O avanço das queimadas na Amazônia mostra muito mais do que um desastre ambiental, mas exibe um Brasil em chamas e perdido diante da incontinência verbal do presidente Jair Bolsonaro.
Legitimado pelas urnas no ano passado para ser o 38º presidente do Brasil, Bolsonaro comete um erro clássico da política: acredita que os 57 milhões de votos recebidos são seus e lhe dão o direito de falar ou fazer o que bem entender.
Os jornalistas, sobretudo em Brasília, estão acostumados a ver a chamada roda da fortuna girar e ver o efêmero poder trocar de mãos de tempos em tempos. Mas quase sempre quem está no poder não consegue perceber a transitoriedade do cargo que ocupa.

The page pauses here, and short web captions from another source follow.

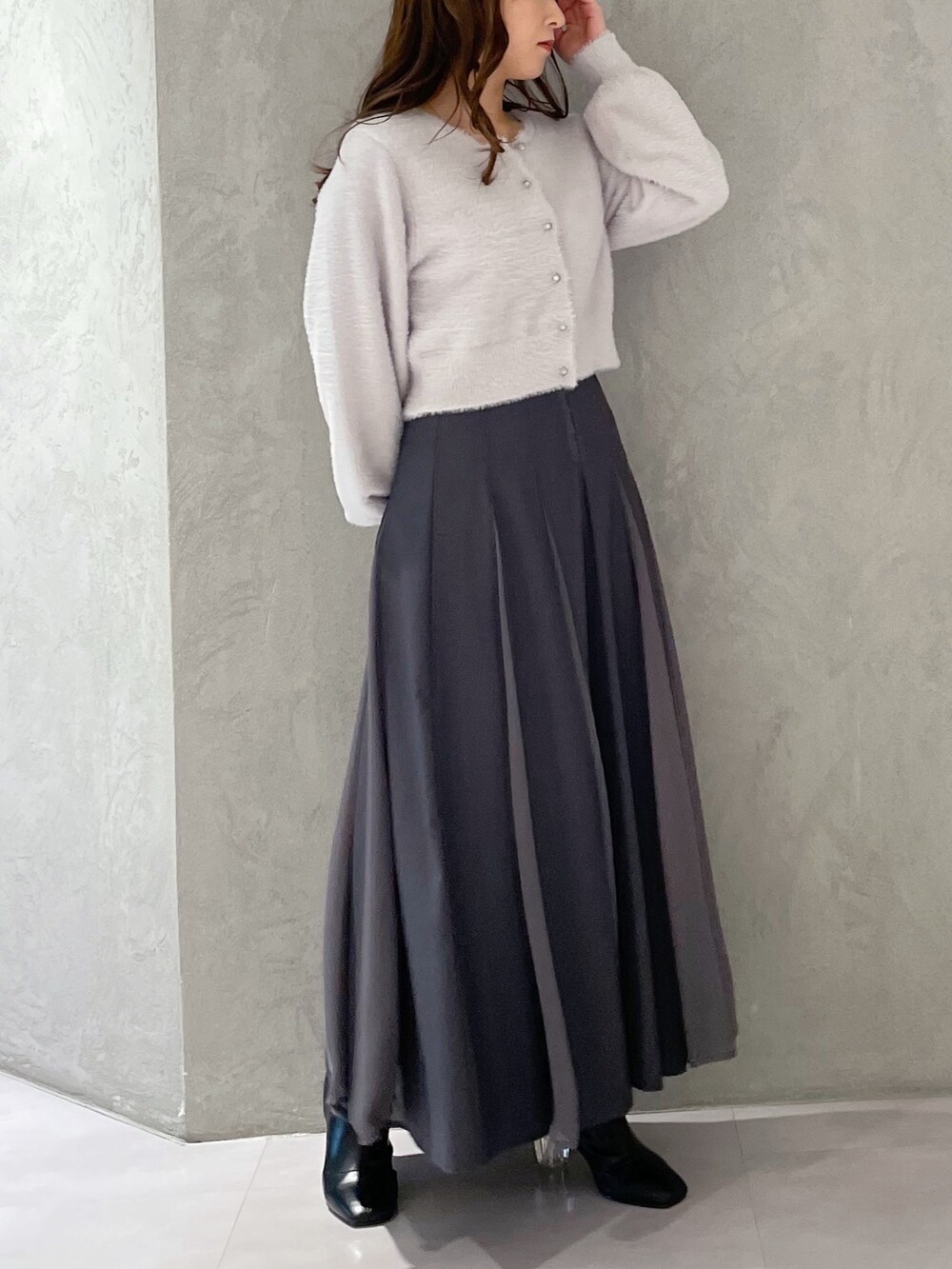 グレー系のカーディガン/ボレロ、グレー系のスカート、ブラック系のブーツを着用したレディースの冬コーディネートの2枚目の写真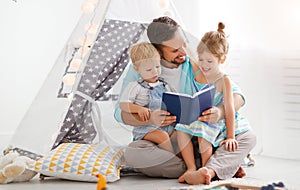 Family father reading to children book in tent at home
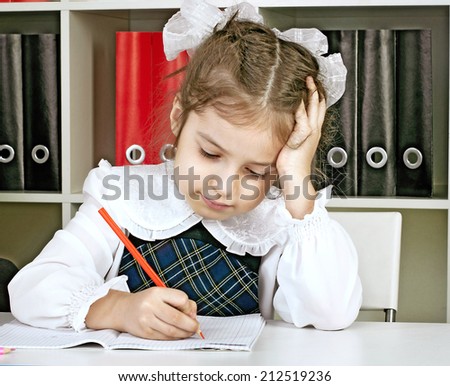 girl in school uniform doing school work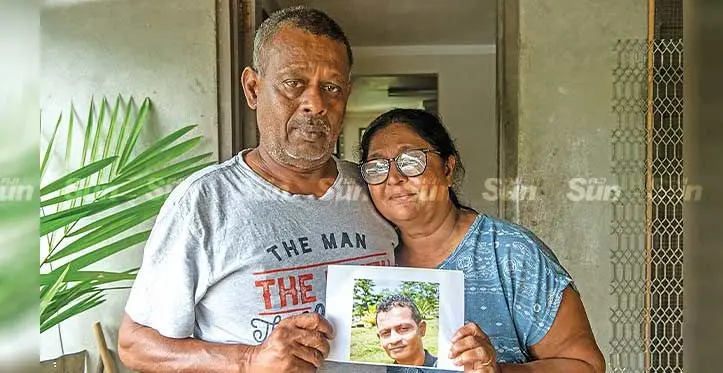 Shahenoor Mallam (left) and Mumtaz Begum hold up a photo of their late son Shameem Sajid Mallam at their home in Nadawa on April 23, 2023. Photo: Leon Lord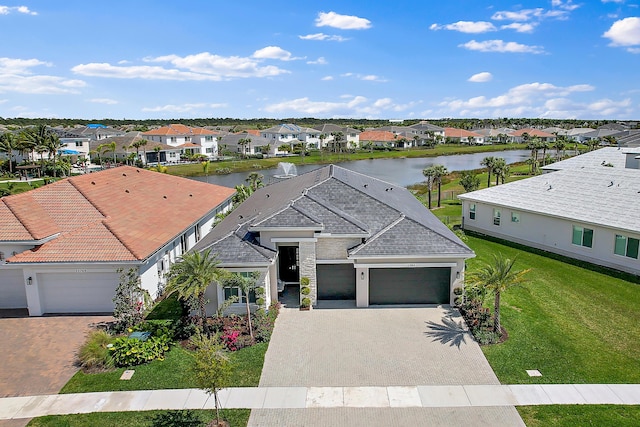 view of front of home featuring decorative driveway, a water view, a front yard, a garage, and a residential view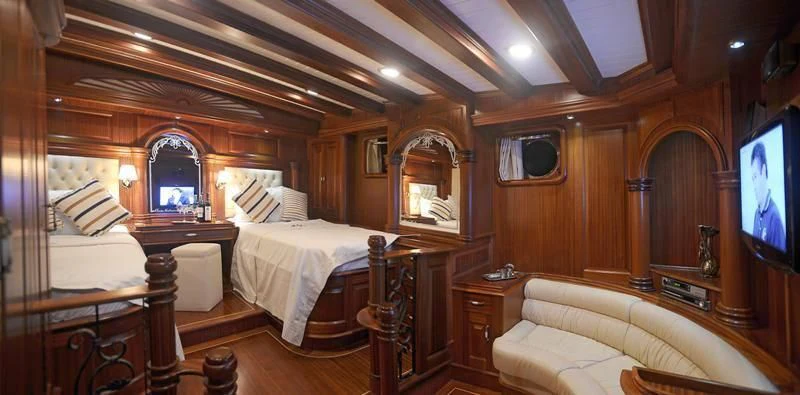 a room with wooden furniture aboard MARE NOSTRUM Yacht for Sale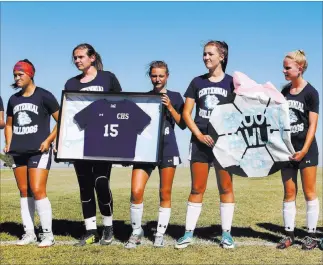  ?? Rachel Aston ?? Las Vegas Review-journal @rookie__rae Members of Centennial High School’s girls soccer team hold Brooke Hawley’s No. 15 jersey during a ceremony Wednesday before a game against Palo Verde. Hawley died in a car crash in March.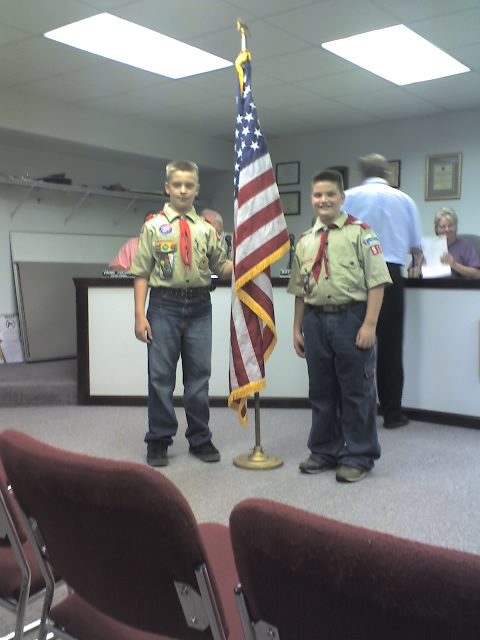 Richard and William Presenting the flag at the New Richmond Village Council Meeting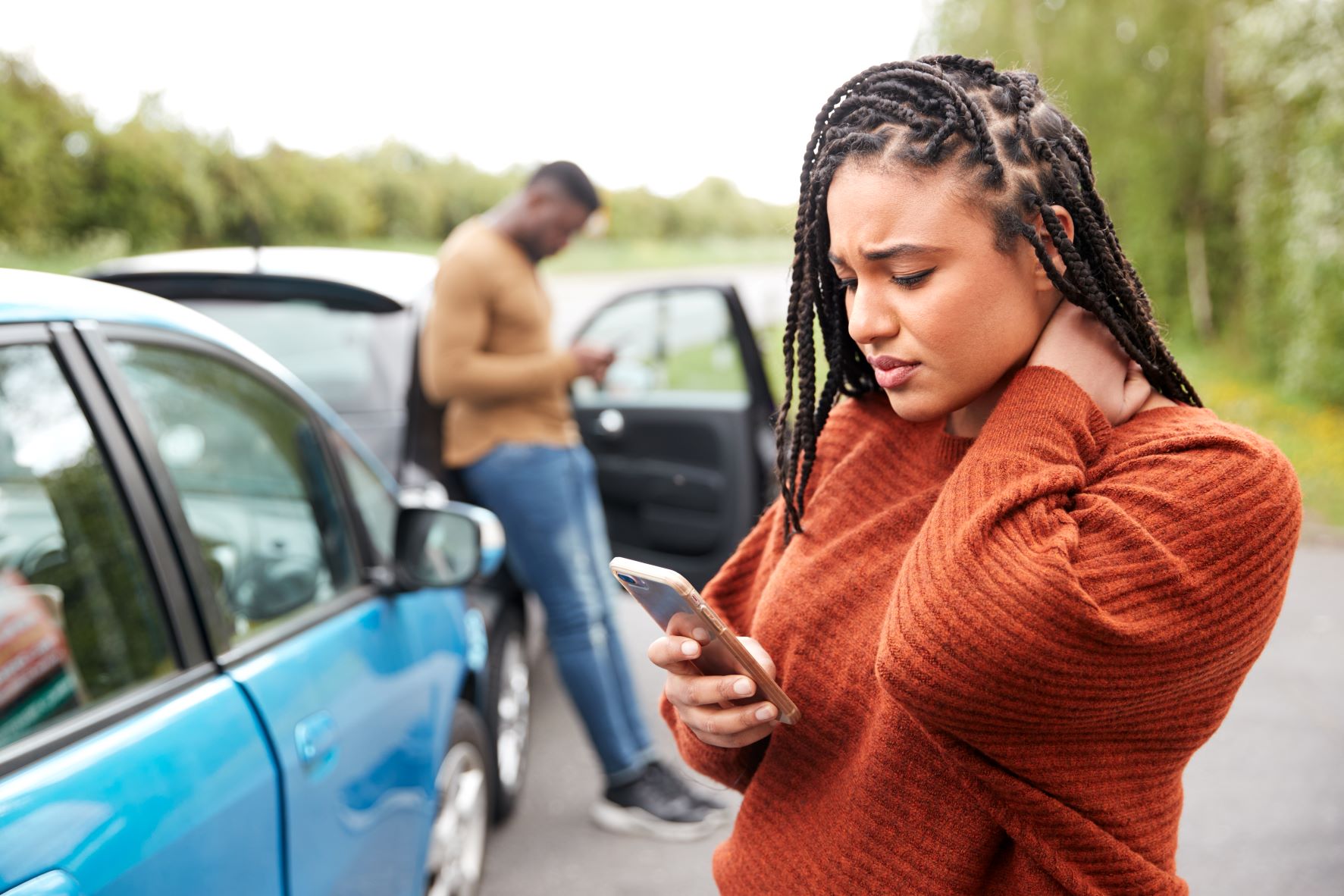 female-motorist-involved-in-car-accident-calling-i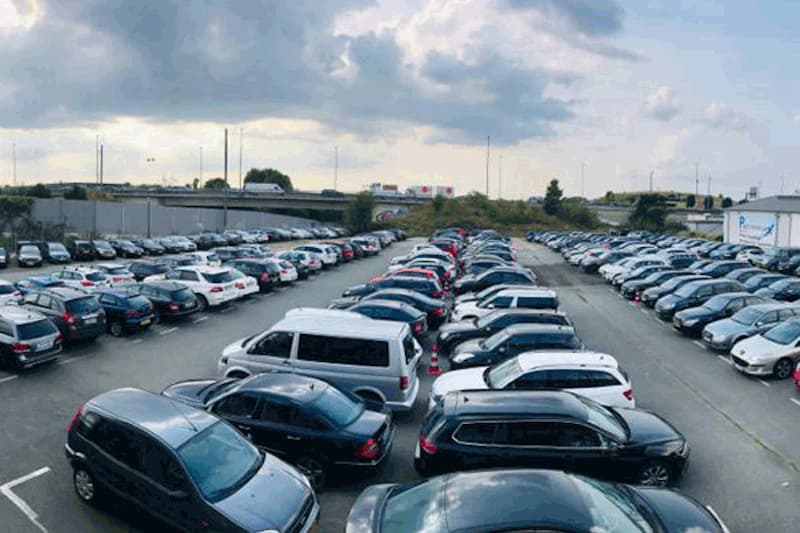 Außenparkplatz mit dichtstehenden Reihen geparkter Autos und trübem Himmel.
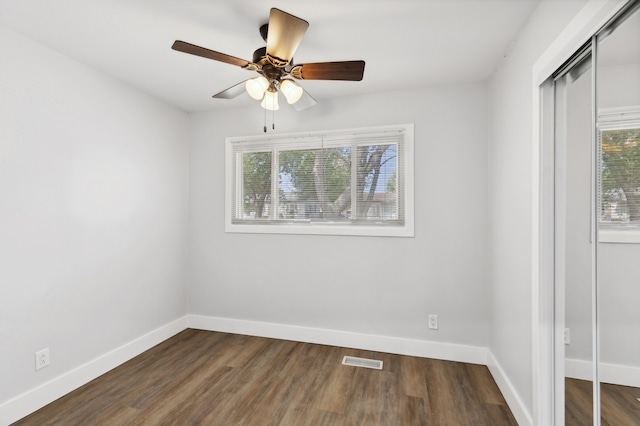 spare room featuring ceiling fan and dark hardwood / wood-style floors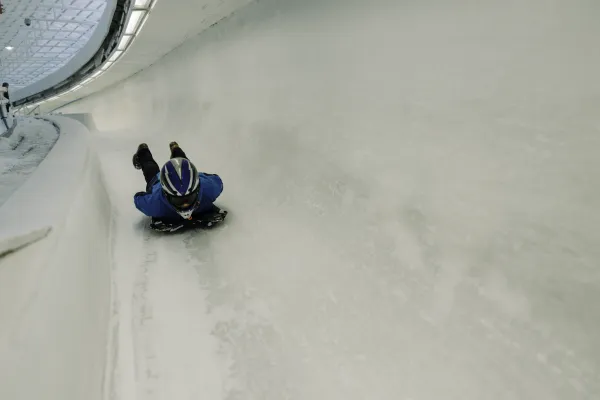 Person slides head first on a skeleton sled down an ice track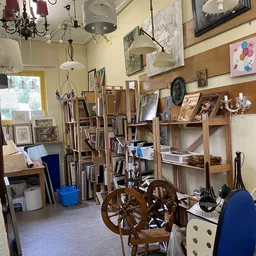 Binnenaanzicht van kringloopwinkel met houten stellingen, kunstwerken, schilderijen, antieke wielen en diverse tweedehandsart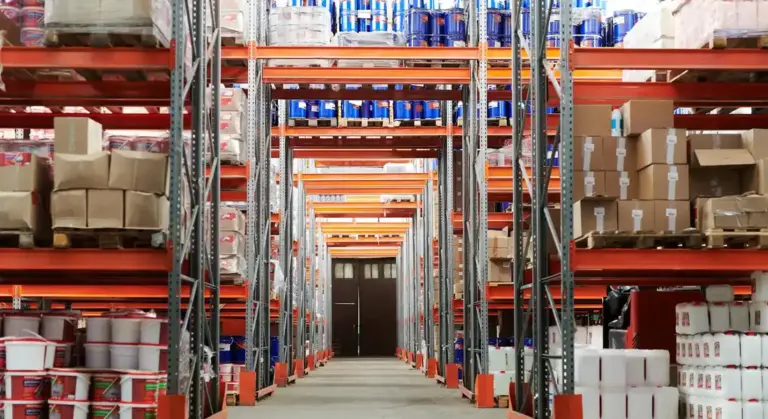 Industrial warehouse with tall orange shelving units, pallets, and boxed goods arranged in an aisle.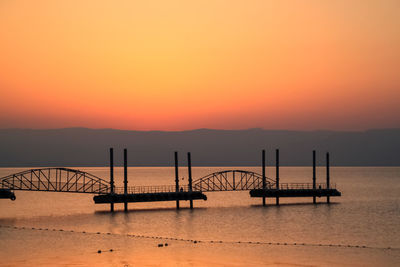 Silhouette bridge over sea against orange sky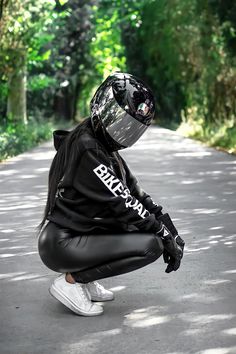 a person kneeling down on the side of a road wearing a motorcycle helmet and black leather pants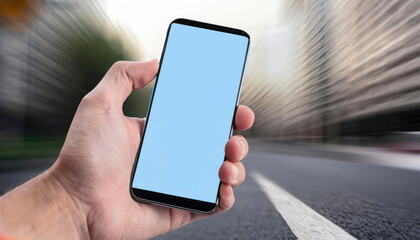 hand with mobile with blue background in the city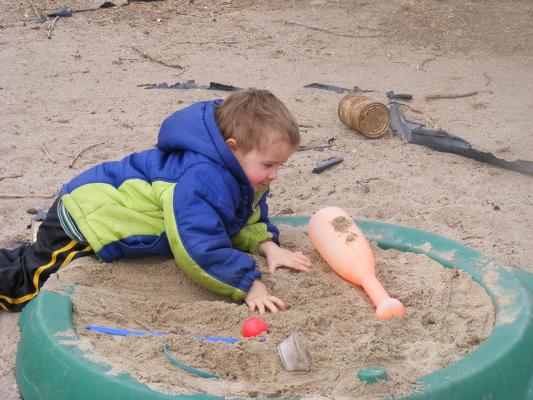 Noah plays in Grandma's sandbox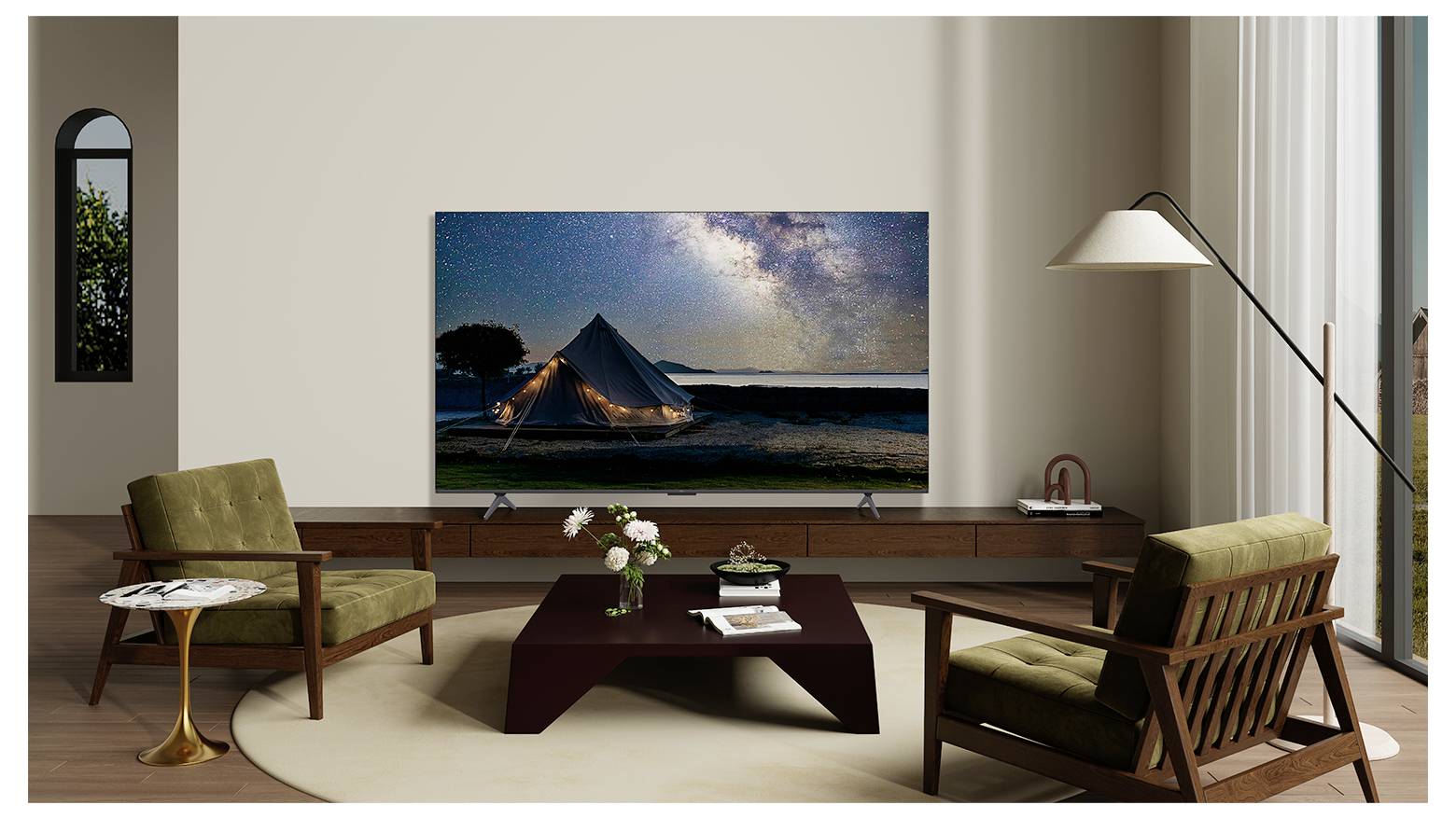 Ein modernes Wohnzimmer mit zwei grünen Sesseln, einem braunen Couchtisch und einem Flachbildfernseher, der eine Sternennacht mit einem beleuchteten Zelt zeigt.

Assim, os brasileiros e o mundo assistem estarrecidos declarações desastrosas do presidente, que faz jus à sua campanha em favor da posse e do porte de armas e pode ser comparado quase que a uma metralhadora giratória.
Só quem não conviveu com Bolsonaro nos 28 anos que passou no Legislativo se surpreende com sua falta de liturgia com o posto que exerce atualmente.
Bolsonaro chegou à Presidência da República pelas circunstâncias. A começar, pelo desgaste dos 13 anos de governos petistas que, mais do que avanços sociais, promoveram uma espécie de institucionalização da corrupção no país.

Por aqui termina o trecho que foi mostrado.